- **Aim of the task**: Copy the lines below exactly, starting at the one with "Könnte beinhalten: Nahtloses" and ending at the one with "Juego de 7 monedas", and leave out any picture.

- **Data extracts**:
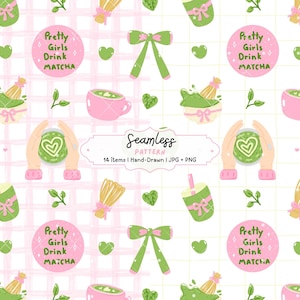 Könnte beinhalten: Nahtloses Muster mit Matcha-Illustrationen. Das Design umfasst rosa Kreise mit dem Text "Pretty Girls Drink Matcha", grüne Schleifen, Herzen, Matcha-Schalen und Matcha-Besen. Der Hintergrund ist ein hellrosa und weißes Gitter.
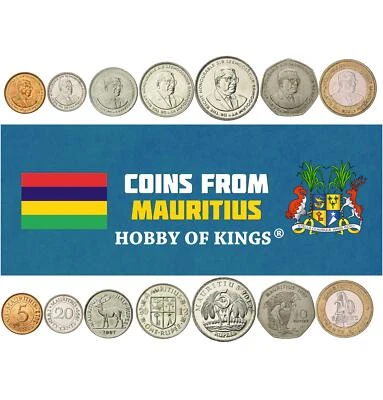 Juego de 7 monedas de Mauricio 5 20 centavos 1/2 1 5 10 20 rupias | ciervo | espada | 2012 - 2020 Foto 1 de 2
* * *
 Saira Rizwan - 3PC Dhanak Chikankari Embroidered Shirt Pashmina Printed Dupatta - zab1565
==
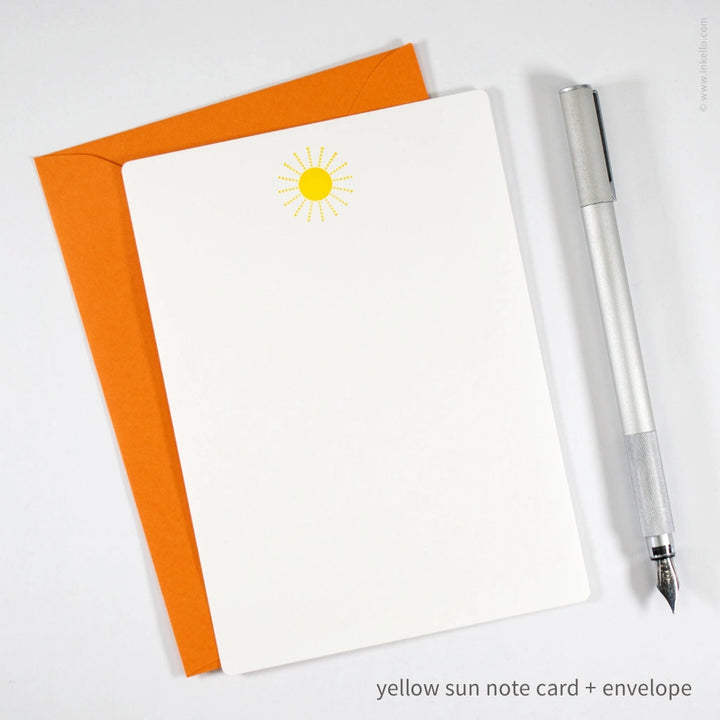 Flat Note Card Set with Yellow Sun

- **Result**:
 Könnte beinhalten: Nahtloses Muster mit Matcha-Illustrationen. Das Design umfasst rosa Kreise mit dem Text "Pretty Girls Drink Matcha", grüne Schleifen, Herzen, Matcha-Schalen und Matcha-Besen. Der Hintergrund ist ein hellrosa und weißes Gitter.
 Juego de 7 monedas de Mauricio 5 20 centavos 1/2 1 5 10 20 rupias | ciervo | espada | 2012 - 2020 Foto 1 de 2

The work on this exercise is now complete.